The first prescription


- BENERJEE.P,

The so called diseases known under the various names of rheumatism, asthma, eczema, fever and diarrhœa etc., are by no means independent diseases. They are only different manifestations of Psora or of Psora in combination with Sycosis or Syphilis or both. This has been sufficiently explained before, and when these so called diseases of different names appear in any individual, it is to be understood that it is Psora only which is showing itself in different shapes, either alone or in combination with the other miasms.
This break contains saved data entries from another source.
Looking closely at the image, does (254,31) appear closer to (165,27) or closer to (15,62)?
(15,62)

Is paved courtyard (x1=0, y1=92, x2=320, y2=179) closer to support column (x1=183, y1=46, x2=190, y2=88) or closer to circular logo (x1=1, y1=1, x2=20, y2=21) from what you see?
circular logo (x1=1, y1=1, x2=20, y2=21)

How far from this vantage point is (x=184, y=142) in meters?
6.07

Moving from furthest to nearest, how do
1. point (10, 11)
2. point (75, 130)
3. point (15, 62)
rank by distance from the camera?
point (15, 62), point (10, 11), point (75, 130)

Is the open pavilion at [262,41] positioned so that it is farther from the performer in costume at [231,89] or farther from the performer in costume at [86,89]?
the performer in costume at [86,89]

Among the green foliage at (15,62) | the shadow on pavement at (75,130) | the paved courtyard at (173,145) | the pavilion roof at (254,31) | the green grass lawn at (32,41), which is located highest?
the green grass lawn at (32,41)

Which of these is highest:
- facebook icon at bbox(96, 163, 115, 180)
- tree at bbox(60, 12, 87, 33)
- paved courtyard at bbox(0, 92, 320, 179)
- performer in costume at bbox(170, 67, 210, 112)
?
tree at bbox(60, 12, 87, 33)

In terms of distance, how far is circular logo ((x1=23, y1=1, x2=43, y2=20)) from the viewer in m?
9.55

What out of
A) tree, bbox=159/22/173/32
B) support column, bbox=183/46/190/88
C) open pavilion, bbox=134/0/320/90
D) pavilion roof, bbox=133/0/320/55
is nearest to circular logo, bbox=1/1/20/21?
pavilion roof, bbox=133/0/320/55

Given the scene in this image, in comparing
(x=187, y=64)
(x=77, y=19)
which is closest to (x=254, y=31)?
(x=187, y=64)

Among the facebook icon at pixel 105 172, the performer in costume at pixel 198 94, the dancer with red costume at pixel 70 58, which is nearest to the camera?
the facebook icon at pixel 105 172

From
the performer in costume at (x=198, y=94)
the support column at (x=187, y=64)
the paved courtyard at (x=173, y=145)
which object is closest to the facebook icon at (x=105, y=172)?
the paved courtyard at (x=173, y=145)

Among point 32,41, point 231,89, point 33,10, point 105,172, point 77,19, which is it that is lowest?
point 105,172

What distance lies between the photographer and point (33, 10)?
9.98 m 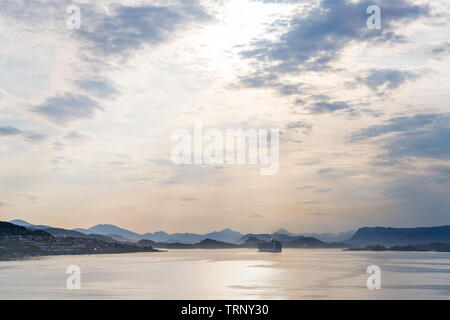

It is also to be understood that this Psora and the other two miasms will ever be bursting out into different concrete disease manifestations in this way, until they are radically removed from the system, that is to say, until they are knocked out of the system by deep acting potentised drugs administered on the basis of the curative law of similarity. You might have observed how white-ants work out small hillocks on the soil, and how impossible it is to stop this process of their work, until the mother-ant at the furthest bottom, which is ever producing the smaller ants, is traced out and destroyed. The so called diseases are like the small hillocks and they are being produced by Psora which is like the parent-ant and is at the bottom. Just as you cannot stop the production of the hillocks merely by removing them day after day, similarly you cannot destroy the so called diseases merely by removing them. In order to destroy these so called diseases, you have to destroy Psora like the parent-ant. So long as this Psora is not destroyed, the so called diseases will appear continually one after another and no amount of treatment of these apparently independent diseases will cure the man.

 The flow of the life force in its natural process has no unnatural result. But when the normal flow of the life force receives an interference from any source, there is a disturbance and the normal processes and functions become abnormal at once; and then result abnormal growths and developments. Growths and developments there are, but, on account of the life process having been directed in an unnatural channel by an interference, they are no longer normal. Instead of normal growths and developments, there are now abnormal growths and developments. There is over-nourishment in some parts and under-nourishment in others, such as tumour, cancer, enlargement of the liver and spleen and so forth. It Psora, Sycosis and Syphilis that interfere with the normal flow of the life force and lead to abnormal results, and the only way of restoring the life process to its normal course is by administration of a deep acting drug according to the law of similarity. Let us discuss the method of administering drugs on this law.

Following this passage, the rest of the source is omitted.